■ Work task
Here is the task for the listing below: output exactly the lines from the one containing "Ce chauffard détruit" through the one containing "Novčana pomoć za", and leave out the pictures.

■ Listed entries
*** Begin section ***

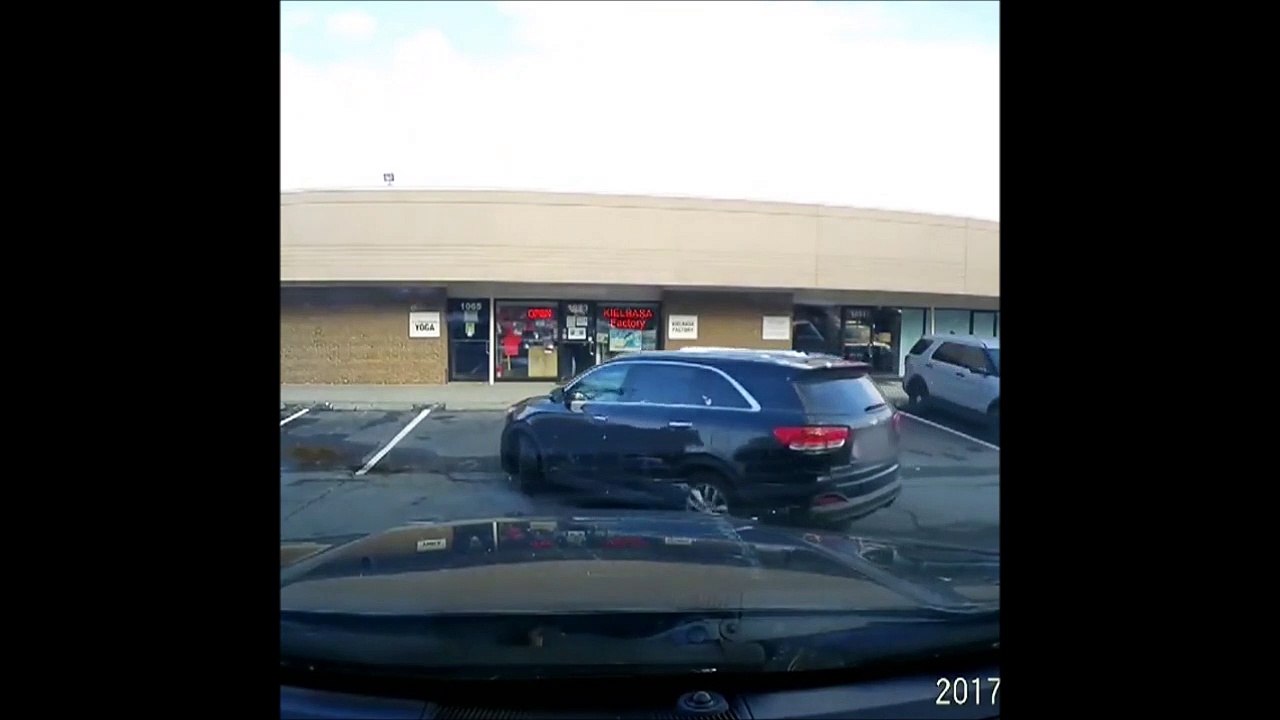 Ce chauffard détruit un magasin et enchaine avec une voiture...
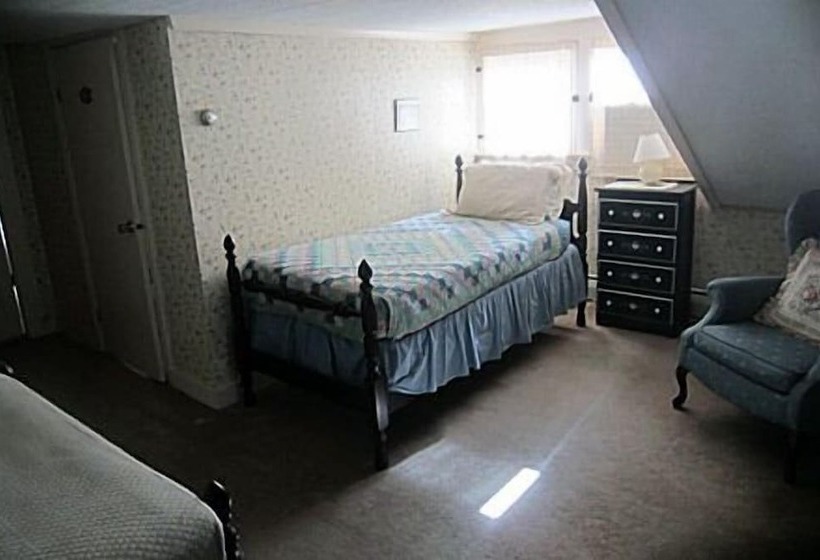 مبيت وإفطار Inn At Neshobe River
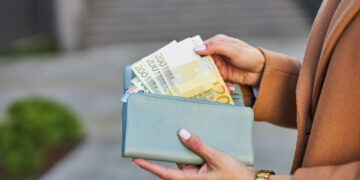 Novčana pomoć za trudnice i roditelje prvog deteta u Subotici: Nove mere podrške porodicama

*** End section ***
*** Begin section ***

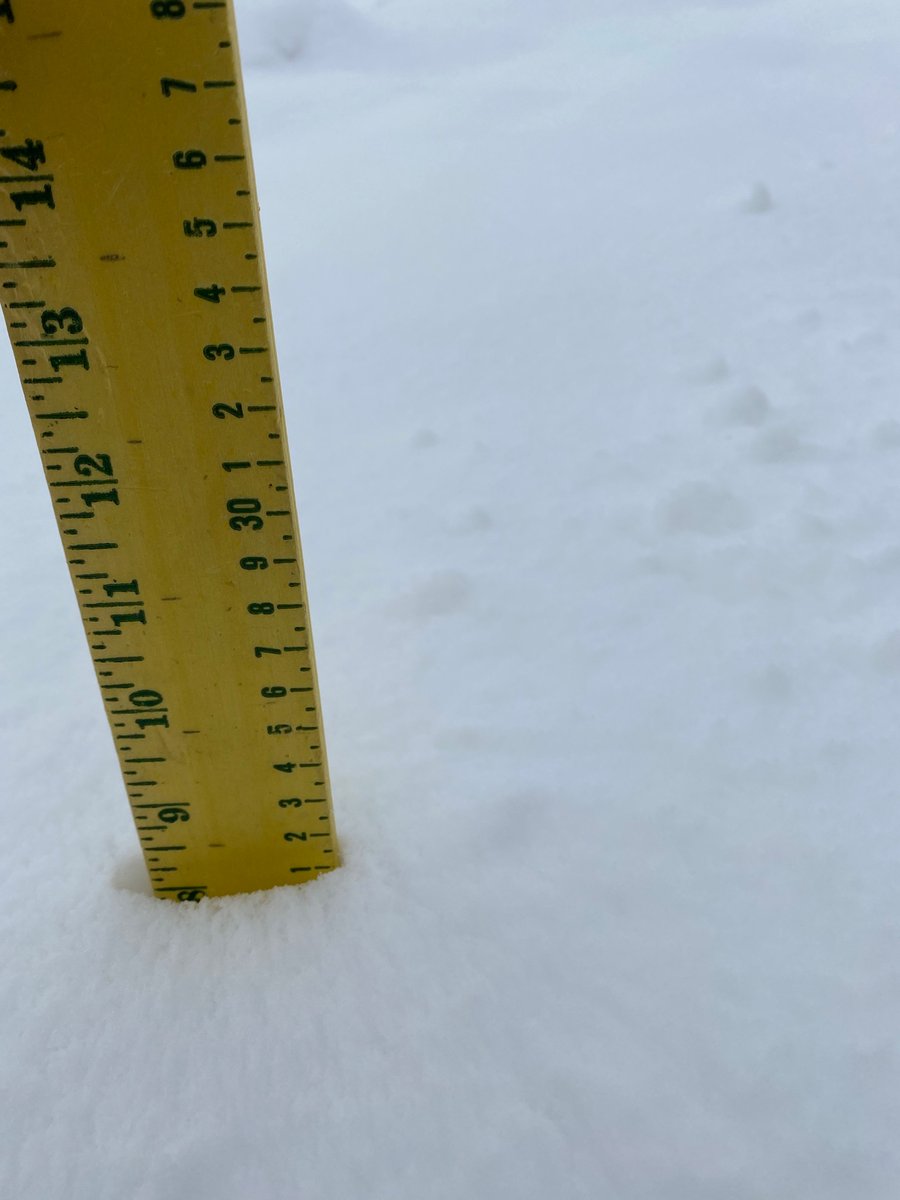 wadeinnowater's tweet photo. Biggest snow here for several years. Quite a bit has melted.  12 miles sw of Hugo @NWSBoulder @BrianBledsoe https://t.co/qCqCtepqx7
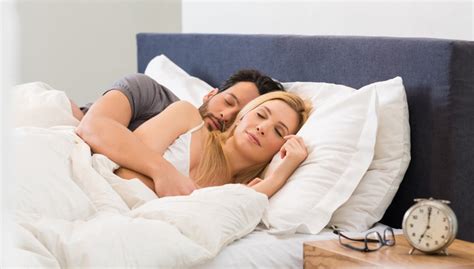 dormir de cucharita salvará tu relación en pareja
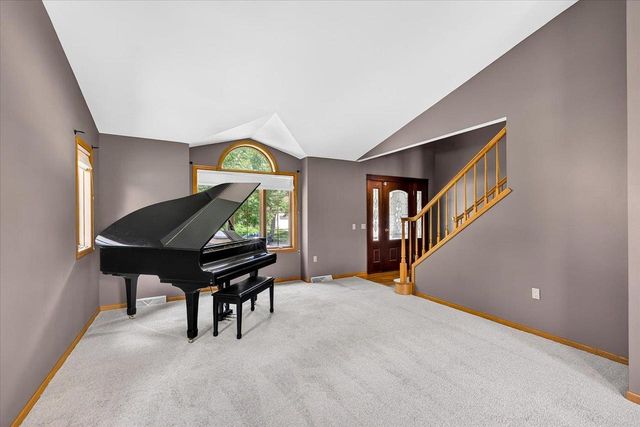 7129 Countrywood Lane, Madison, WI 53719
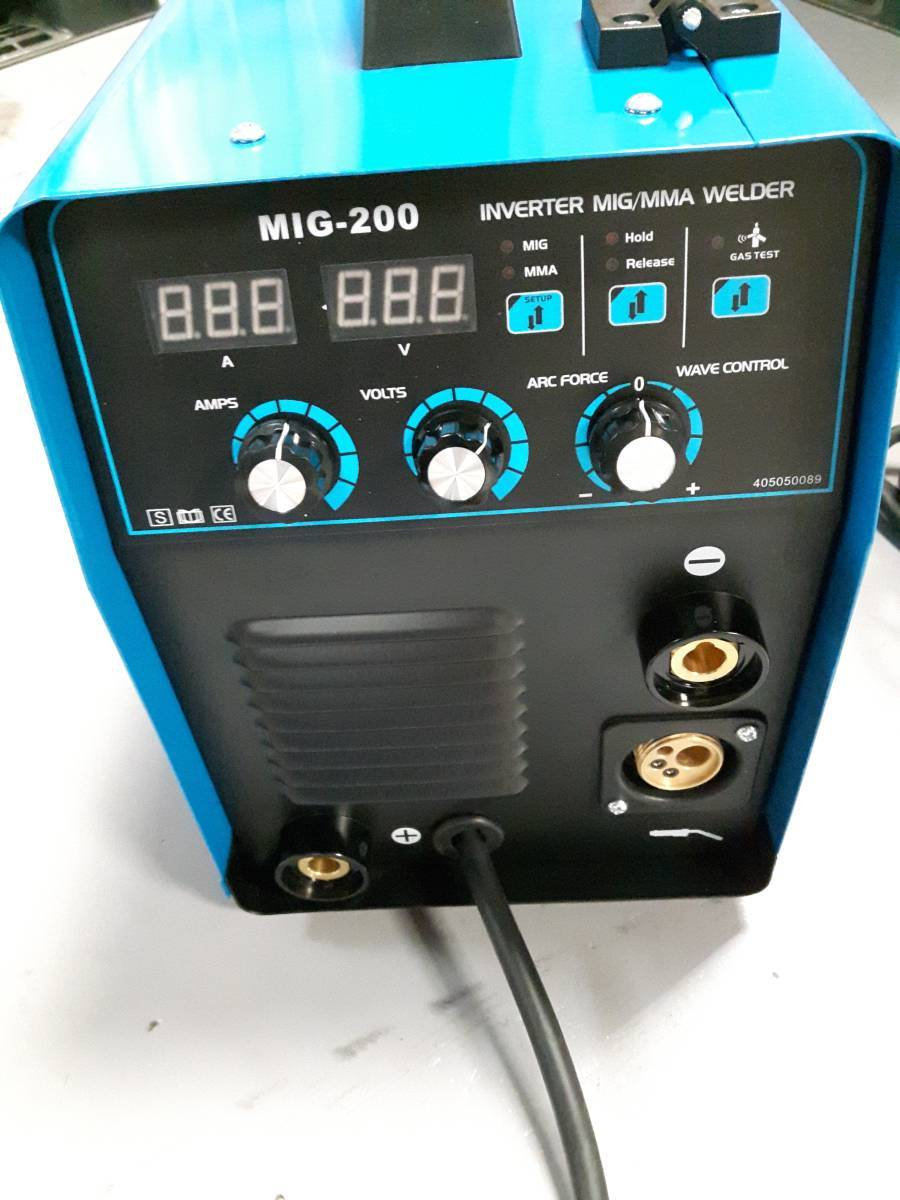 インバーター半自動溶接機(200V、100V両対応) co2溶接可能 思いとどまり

*** End section ***
*** Begin section ***

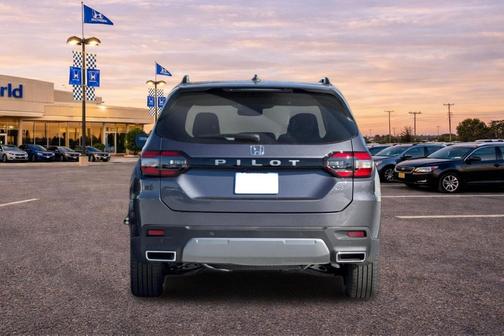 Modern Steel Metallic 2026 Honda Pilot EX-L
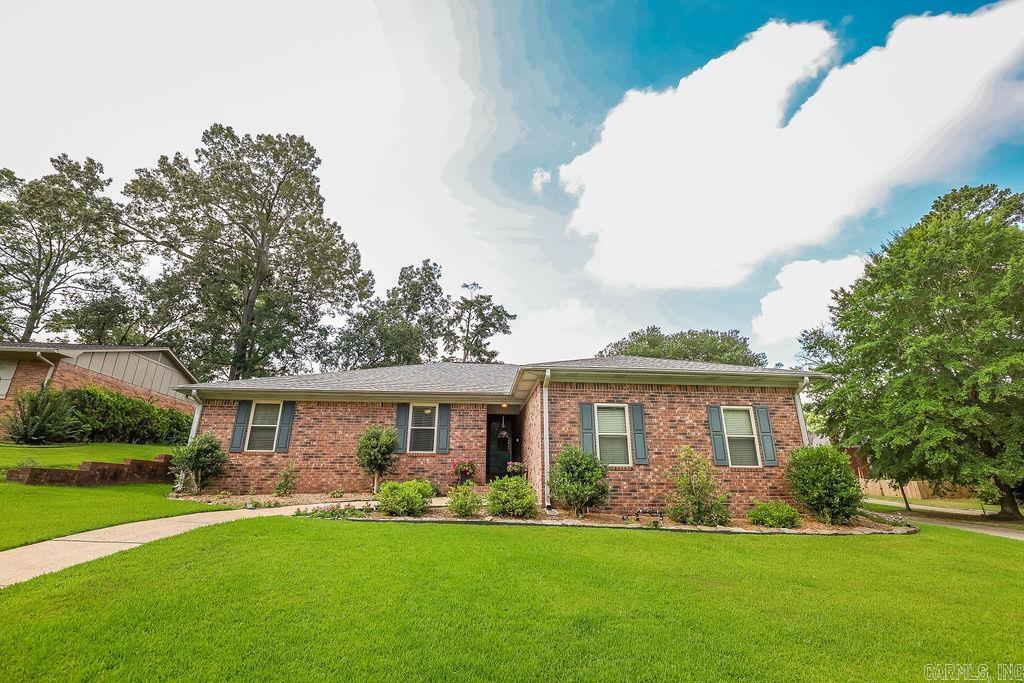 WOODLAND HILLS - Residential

*** End section ***

■ Finished exercise
 Ce chauffard détruit un magasin et enchaine avec une voiture...
 مبيت وإفطار Inn At Neshobe River
 Novčana pomoć za trudnice i roditelje prvog deteta u Subotici: Nove mere podrške porodicama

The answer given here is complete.